Au final, on peut constater que la banque inscrit la même somme à son actif et à son passif, et que sa comptabilité reste équilibrée. Y compris si la banque ne possédait pas ces 5000 € au préalable, et a profité de l'opération pour les créer. 



Cette création monétaire est parfois appelée "création ex nihilo", c'est à dire création à partir de rien. Cette qualification repose sur le fait que la monnaie ainsi prêtée à l'emprunteur n'existait pas au préalable. Pourtant cette monnaie n'est pas créée à partir de rien, mais à partir d'une opération bancaire qui l'a créée en contrepartie d'un titre de créance. L'usage du terme ex nihilo tendrait à faire penser que cette création serait sans contrepartie, et que les banques pourraient ainsi créer de la monnaie "gratuitement", ce qui n'est pas le cas.

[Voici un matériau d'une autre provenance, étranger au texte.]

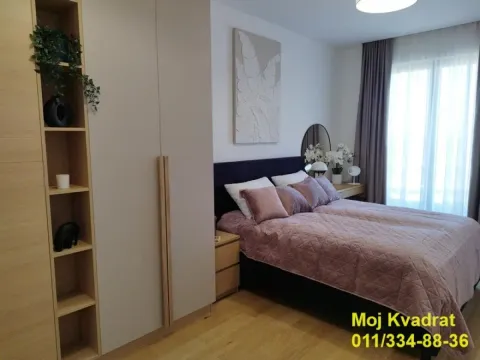 Izdavanje, trosoban stan, 92m², Stari Grad, Beograd - image 8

Les 5000 € créés dans notre exemple ont une durée de vie limitée à la durée de cette créance. Ils disparaîtront au fur et à mesure des remboursements de l'emprunteur. L'existence de monnaie dématérialisée ne repose donc pas sur un stock de monnaie existante, mais sur des flux permanents de création monétaire par les banques commerciales. Si, pour des raisons diverses, les banques commerciales cessaient d'accorder des crédits créateurs de monnaie, la monnaie scripturale disparaîtrait. 

L'exemple choisi ci dessus n'est bien sur qu'un exemple pour montrer comment les banques commerciales créent de la monnaie, cette création aurait tout aussi bien pu concerner une opération d'escompte. Ce processus de création est global, et il n'est pas possible de savoir si un prêt de la banque a été financé par de la monnaie existant déjà sur des comptes de dépôt, ou par de la monnaie créée pour l'occasion.

Cette possibilité de création monétaire n'est pas infinie, mais est limitée par le montant des réserves obligatoires auprès de la Banque Centrale, ainsi que par le "ratio Cooke" qui fait dépendre le montant total des prêts que peut accorder la banque du montant de ses fonds propres (son capital). Plus ses fonds propres sont importants, plus une banque peut prêter de monnaie, et donc en créer. Si la banque fait de mauvaises affaires et perd de l'argent, elle doit déduire ses pertes de ses fonds propres, ce qui peut alors l'empêcher d'accorder de nouveaux prêts et donc de créer l'indispensable monnaie.